A delay in the production of a new destroyer would not necessarily
undermine the Navy’s goal of keeping a fleet of 300 ships,
as long as the service continues to build DDG-51 destroyers, he
said.
Some Navy officials seem eager to get DD-X in the fleet as soon
as possible. “We have to transition to DD-X’s new hullform,”
which provides more stealth and safety for sailors, said Rear Adm.
William Cobb Jr., program executive officer for theater surface
combatants. “We can’t continue to build DDGs”
indefinitely, he told the SNA conference.
At the core of the debate surrounding DD-X is the notion that the
Pentagon will not fund a new ship-construction program unless the
platform were viewed as “transformational.” The term
“transformation” has become a buzzword to describe innovative
weapon systems and war-fighting tactics. The predecessor program
to the DD-X—the DD-21 Zumwalt-class destroyer—was cancelled
last year, because Pentagon officials considered it too expensive
and not “transformational” enough, despite high-tech
features such as electric propulsion, a stealthy hullform, advanced
communications technology and a crew one-third smaller than current
destroyers.
The DD-21 became a tough sell, concluded a naval analyst, because
its reason for being was not articulated clearly. “It was
not considered transformational, even though it had electric drive
and low manning and cooperative engagement, because it lacked a
transformation framework,” said Ronald O’Rourke, an
analyst at the Congressional Research Service. “It was difficult
to see how this ship would change things.” The same fate could
await DD-X, unless the surface Navy community puts together “a
strong plan for transformation,” said O’Rourke. “The
Navy does not have a coordinated cluster of new and different programs,
like the Army does, nor does it have a clear transformation framework
like the Air Force does.”
O’Rourke’s observation may suggest that the Navy was
penalized in the 2003 spending plan, which shows increases of $2.2
billion and $5.1 billion for the Army and Air Force procurement
accounts, respectively, but just $600 million for the Navy/Marine
Corps.
There are times when “success can work against you,”

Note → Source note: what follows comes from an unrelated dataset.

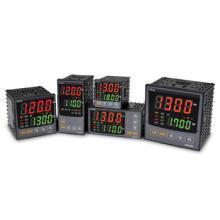 Bộ điều khiển nhiệt độ Autonics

said the Pentagon’s director of force transformation, retired
Vice Adm. Arthur C. Cebrowski. During a roundtable with reporters,
Cebrowski noted that the weapons-acquisition process does not have
much tolerance for failure or for taking financial risks in a program
that may or may not succeed. Even though he did not specifically
mention DD-21, Cebrowski said that some programs fail to show that
“there is a market” for a given system and, therefore,
lose the budget battles. “In the name of efficiency, we pick
winners and losers early,” he said.
The Navy’s budgetary picture may improve in the years ahead,
however. According to Rear Adm. James G. Stavridis, director of
assessments, the service’s 2004-2008 spending plan has $40-$50
billion “for new programs that are transformational.”
The Navy’s overall budget of $108.3 billion for fiscal 2003
is $9.5 billion higher than last year’s, but nevertheless
contains “serious cracks” in the shipbuilding accounts,
which were “inherited” from the previous administration,
said John Young, assistant secretary of the Navy for research, development
and acquisition.
The ships currently under construction, for example, are $3 billion
short of the amount needed to complete them, Young said at the Surface
Navy conference.
Given the financial crunch, the Navy had to cut back its shipbuilding
program in 2003 from eight to five ships.
Zakheim predicted that the Navy’s force structure will not
suffer in the long term, despite the reductions. The reason, he
said, is that the average age of the Navy’s fleet is 16 years,
“which is relatively young.” Therefore, “The Navy
felt that it could afford to build only five ships this year,”
Zakheim said. “There were other priorities, such as munitions,
such as readiness that really needed funding more urgently.”